A demon-world case can also be used to illustrate evidential luck. Consider yourself in relationship to your doppelganger in the demon world, and reflect on the fact that the two of you live phenomenologically indistinguishable cognitive lives. Since there is no discernible difference between your worlds, you must conclude that it could have just as easily been you who were the one with the unreliable belief-forming cognitive processes. Given your situated place within this scenario, there is no evidential basis that could possibly serve you as a guide, from which to reach any other conclusion. If this is so, then it is still a matter of luck that, in the context of this scenario, it is you and not she who has the process-reliabilist true beliefs.

According to the foregoing argument, the externalist must acknowledge that it is always a matter of evidential luck when reliably-produced beliefs turn out to meet the subjective conditions that internalists would place upon knowledge. And the internalist must acknowledge that it is always a matter of veritic luck when our beliefs turn out to meet the objective conditions an externalist would place upon knowledge.
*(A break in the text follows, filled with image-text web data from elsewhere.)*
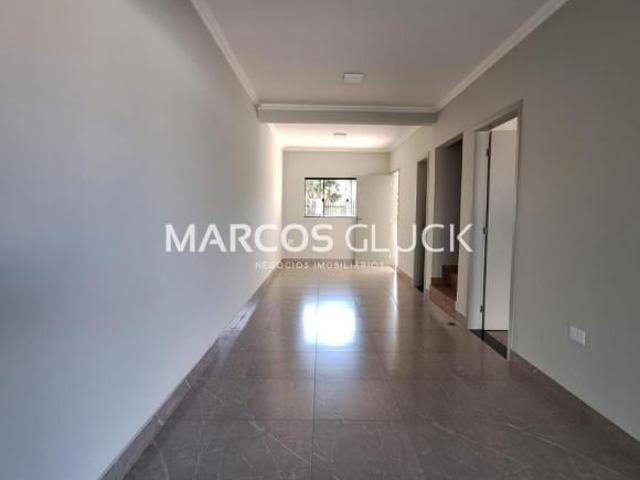 Casa venda em Região Geográfica Imediata de Londrina, Londrina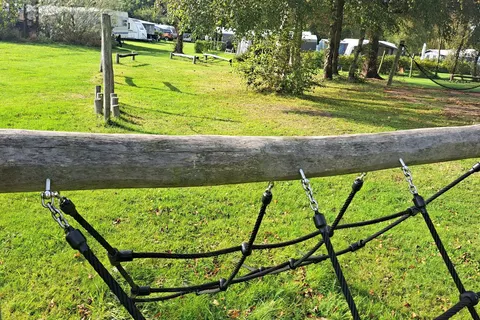 Camping Glyngore in Roslev — foto 11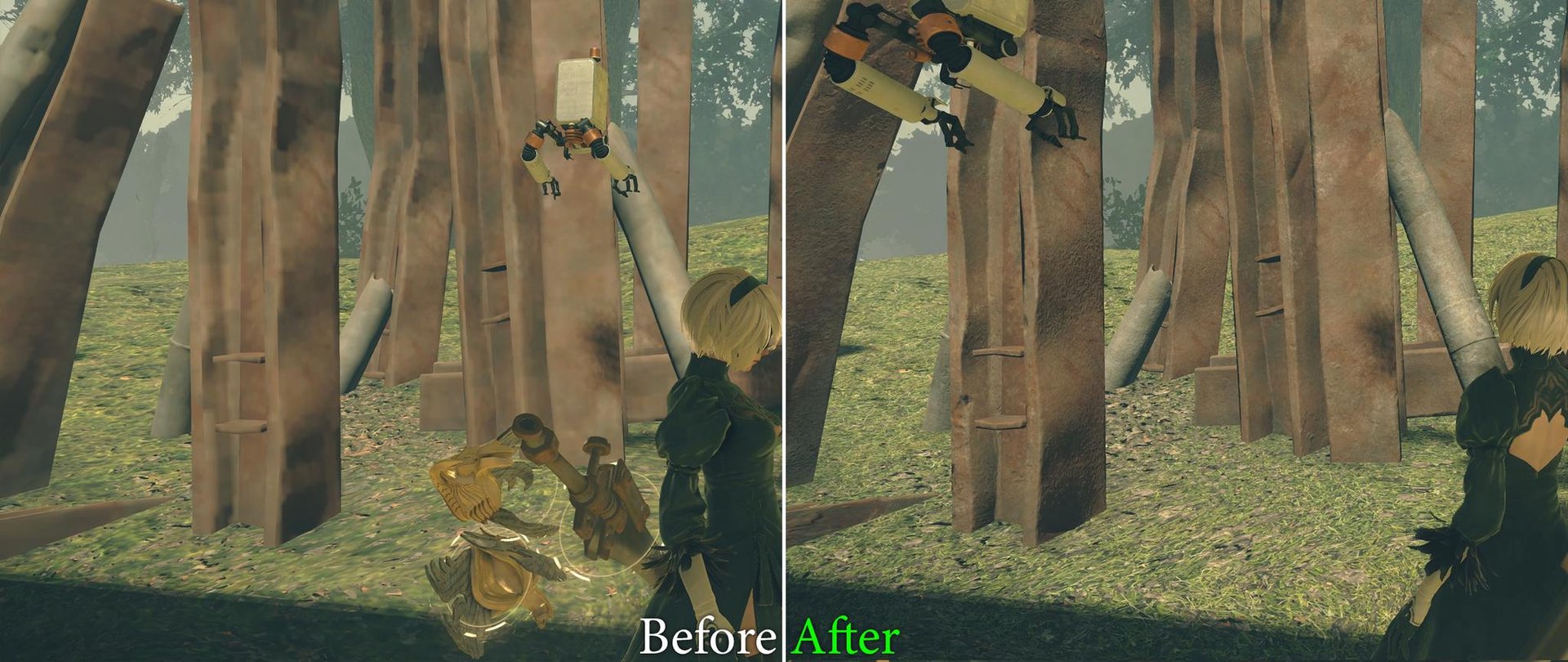 戴森球计划 截图21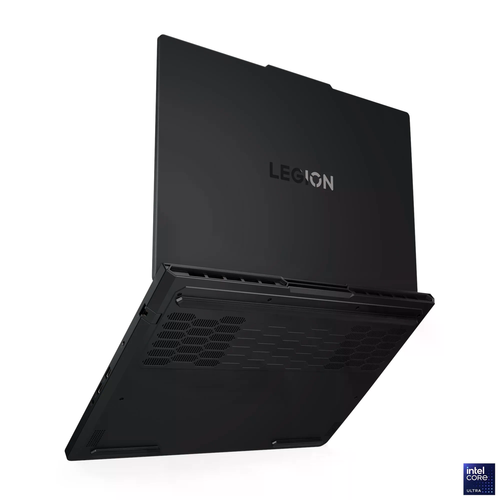 מחשב נייד Lenovo Legion Pro 5 16IRX10 83NN002GIV לנובו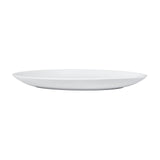 Exxent Tallrik oval 31 x 21 cm Napoli
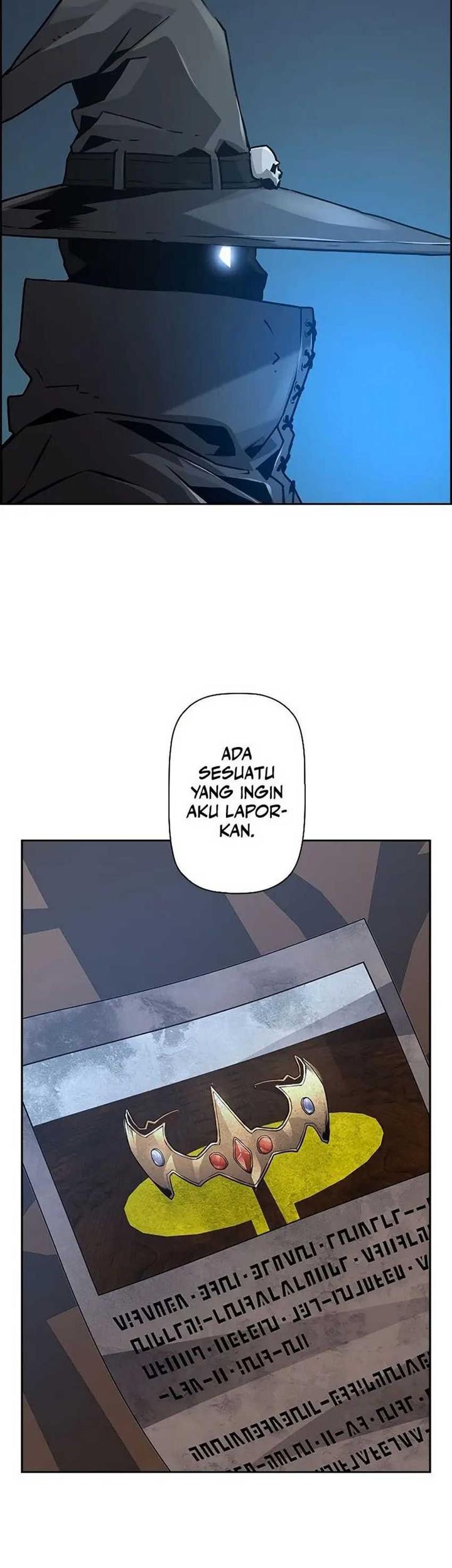 Chapter 37 - halaman 49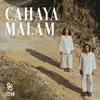 About Cahaya Malam Song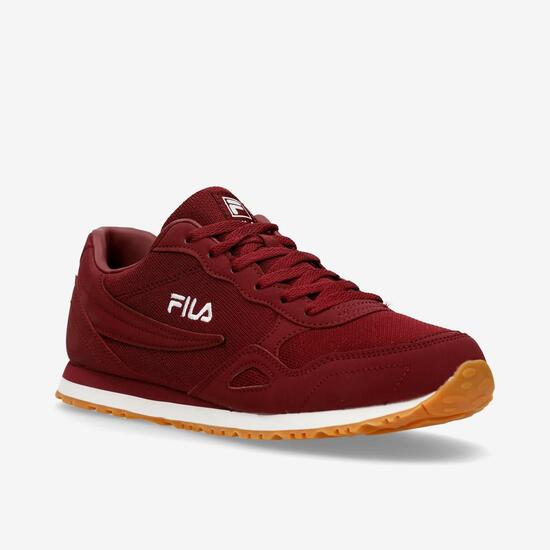 Fila Eurojogger 4 Fila Eurojogger 4
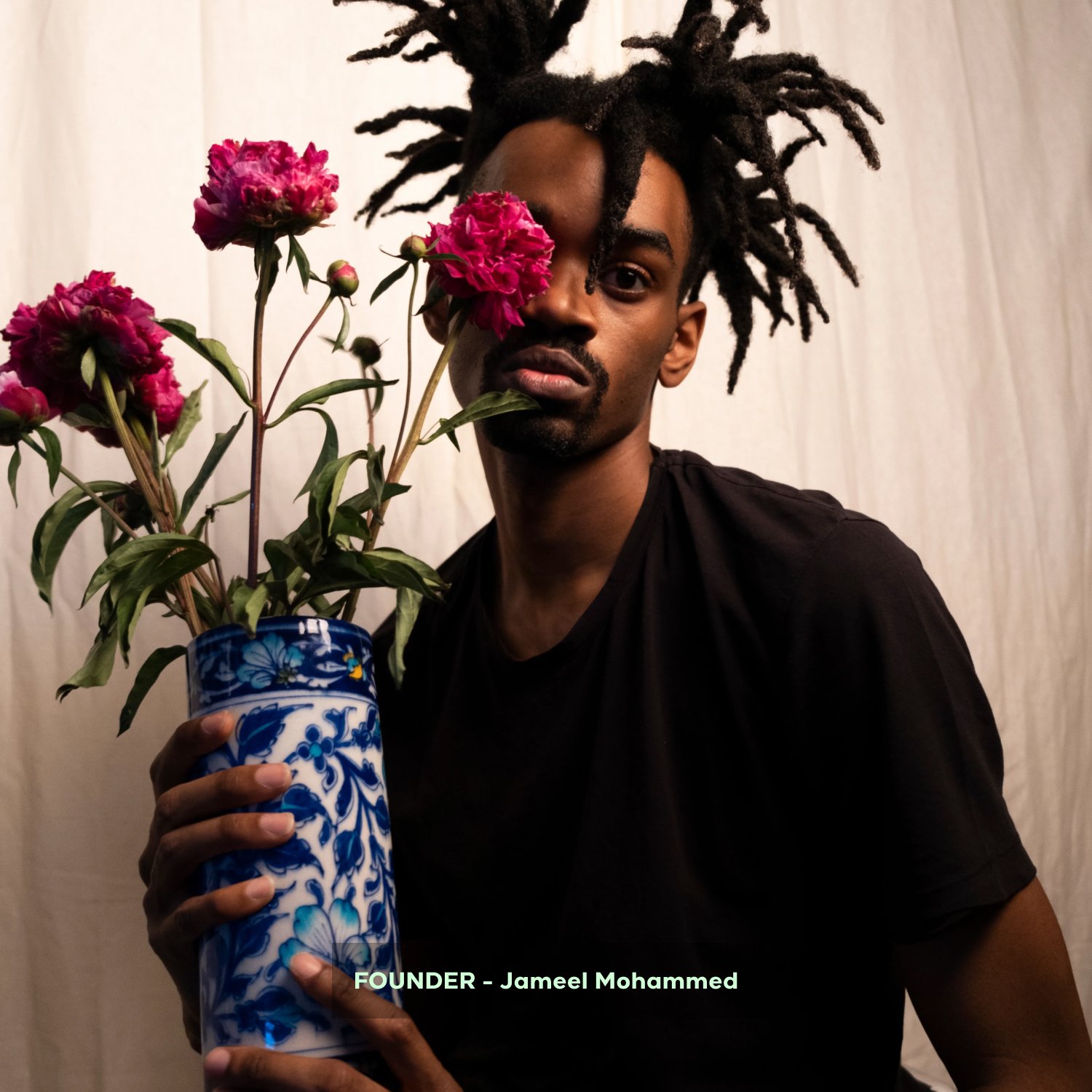 Khiry-Founder-Jameel Mohammed-Famm.jpg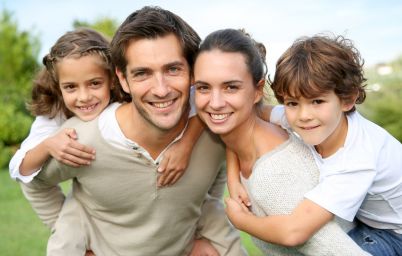 Лечение с развлечением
But is this a cogent line of argumentation? Clearly Engel has allowed the very basis for the characterization of luck to differ in his demon-world scenarios. But why should he not? Perspective matters! If it takes an externalist perspective to point out the kind of luck which internalism entails, it seems valid to allow the same in reverse, by allowing the evidential factors rather than matters of objective fact to be the ones that may vary in the examples. The perspective focussing on the evil-demon’s revelation to me illustrates that it must always be a matter of luck from an external or factual perspective when an internally-justified belief turns out to be true. The perspective focussing upon my relationship with my doppelganger illustrates that it must always be a matter of luck from an internal or evidential perspective that one of us, myself or my double, should in fact be the one possessing sound evidence for normally-functioning BCP’s to utilize as input.

But are these kinds of luck of equally significant import for epistemology? In Gettier and other types of cases which might have been discussed in connection to the kinds of “chance” examined in the previous section, our intuitions tell us that an agent’s justification is undermined by certain facts about his situation that are beyond her ken. In the eyes of their devisers, at any rate, such examples exploit factual defeaters to an agent’s knowledge claims that, once they have done their dirty-work, leave the would-be knower only with what Matthias Steup calls nonepistemizing justification. But is that also the case with the kinds of demon-world scenarios we are now considering? That seems not as clear. We are now encountering forms of epistemic luck that have greatest relevance to the general challenge of philosophical skepticism. This is partly why I separate them here from Riggs’ two forms of chance discussed in the previous section.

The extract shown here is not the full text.